A new survey polling more than 5,000 U.S. respondents finds a big discrepancy between how individuals define their personal victories, and how society does the same.
Populace, a national think tank, conducted a survey in conjunction with Gallup. The inaugural Success Index is a study of American views of success.
And Todd Rose, Populace’s co-founder & president, told Yahoo Finance there is a clear gap between individuals’ values and society's.
“When we look at what people really care the most about, we look at education, not surprisingly, but character and relationships and community are really important,” Rose told Yahoo Finance’s YFi PM.
“And when we ask about what everyone else wants, status and fame just rocket to the top,” he added.
The study found 92% of respondents believed fame and fortune come closer to society’s definition of success. But only 10% of the same group applied those standards to their personal value, the data found. Parenthood was the most common success measure for individual standards.
“I thought that age would play a bigger role,” Rose explained.
“There were certainly age-related differences, such as young people value an advanced degree more than older folks. Millennials tend to care a lot more about a purpose in life, which I thought was quite inspiring, frankly,” he said. “What was so fascinating is it didn’t seem to matter whether you were younger or older.”
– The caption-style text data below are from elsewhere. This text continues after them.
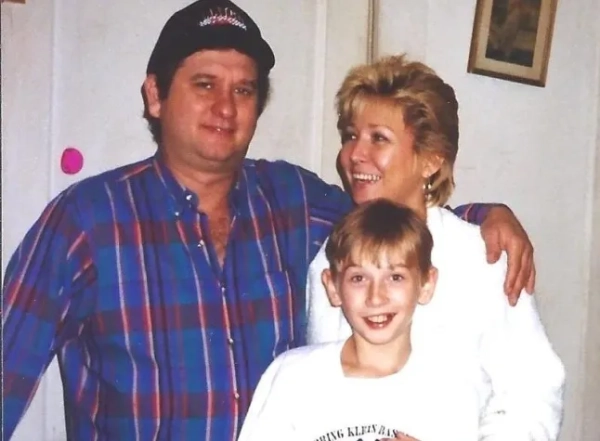 Фелікс, Денніс та Вейд Гейсліп сфотографовані востаннє, коли вони троє були разом, перед тим, як Денніс була вбита. 15506383 Ревнивого вбивцю стратять за лічені години за жорстоке вбивство його колишньої та її нового хлопця.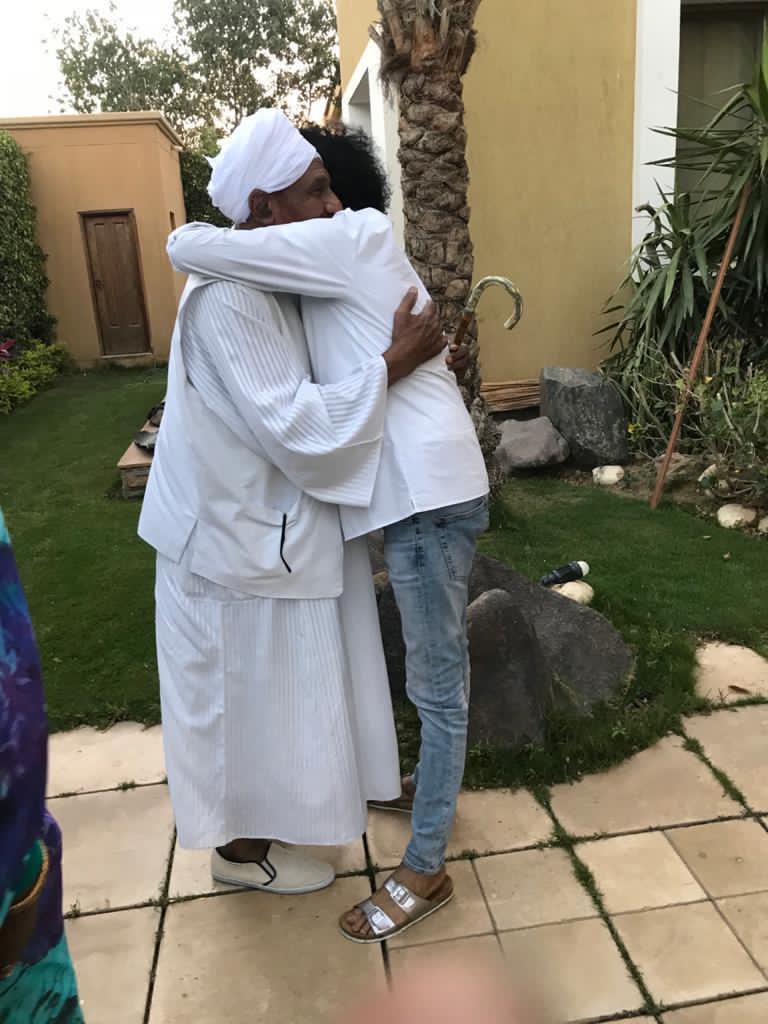 Mounirofficial's tweet photo. مات الصادق الأمين المهدي إنا لله وإنا إليه راجعون .. انها ارادة الله .. رحل السياسي المناضل في وقت تحتاج اليه الأمة الإسلامية قدراً و علماً .. رحمه الله والي جنة الخلد .. وعزائي للدكتورة مريم والاسرة و اخي بشرى وكل الشعب السوداني الشقيق .. رحم الله الصادق المهدي. https://t.co/dACJVcrecy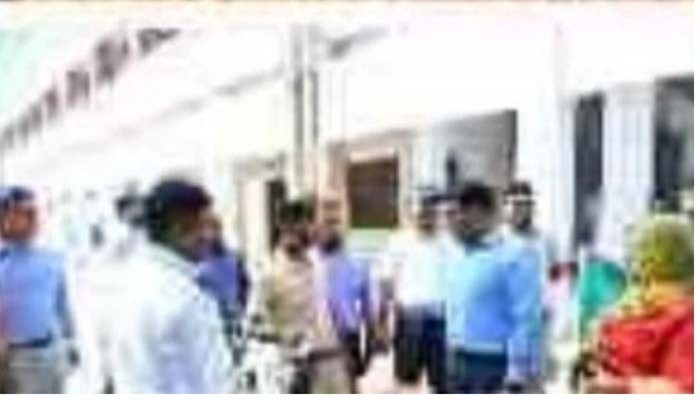 ডিসি কাজী শহিদুল ইসলামের মহানুভবতা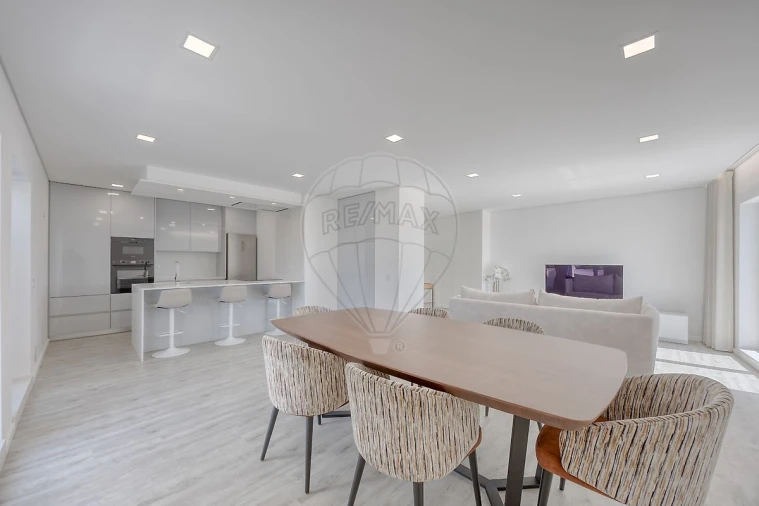 Apartamento T3 para Venda em São Felix da Marinha Foto 28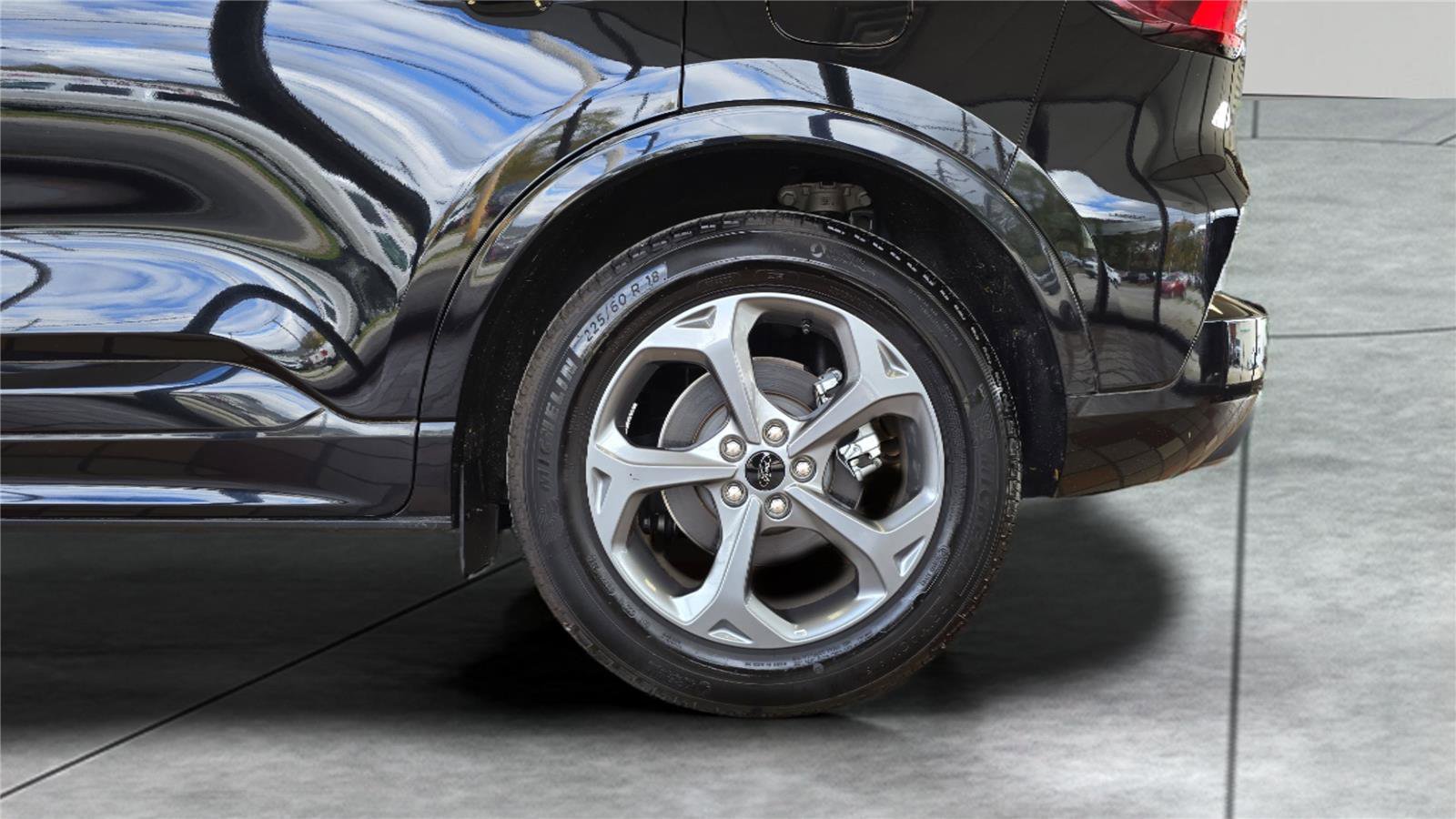 Used 2024 Ford Escape ST-Line w/ Tech Pack #1 image 28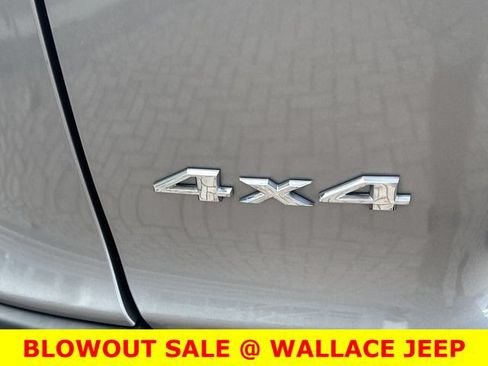 Used 2022 Jeep Cherokee Latitude Lux AWD/4WD image 9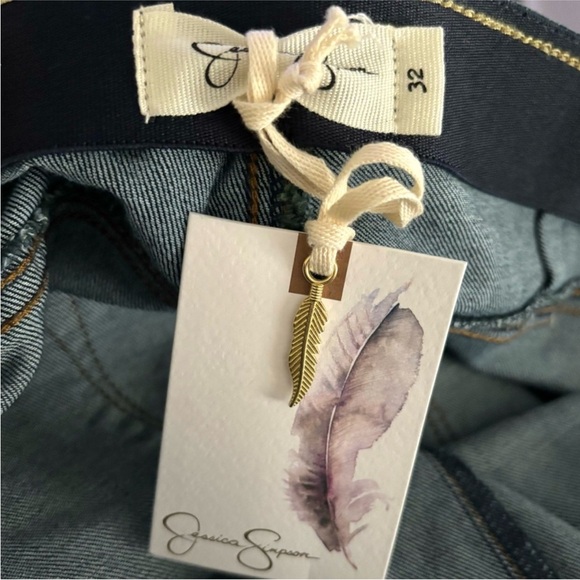 NWT Jessica Simpson Pull On Soft Sculpt Flare Jeans - Picture 2 of 3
Education ranked pertinent across all ages. Yet respondents ages 18 to 35 placed twice as much importance on an advanced degree than Americans who were 65 and older.
Unsurprisingly, income also seemed to play an important role in the perception of success.
When respondents were asked to rank 76 attributes of success, with “0” being no achievement and “100” being perfect achievement, individuals placed moving up in income far higher than other key attributes.
“We get hung up on economic mobility,” Rose said.
“It’s very important for people to pay their bills, but this study would suggest that what it means to have a good life— the satisfaction of who you are and how life is going— is far more diverse than that. People are starving to be closer to each other right now in this digital age.”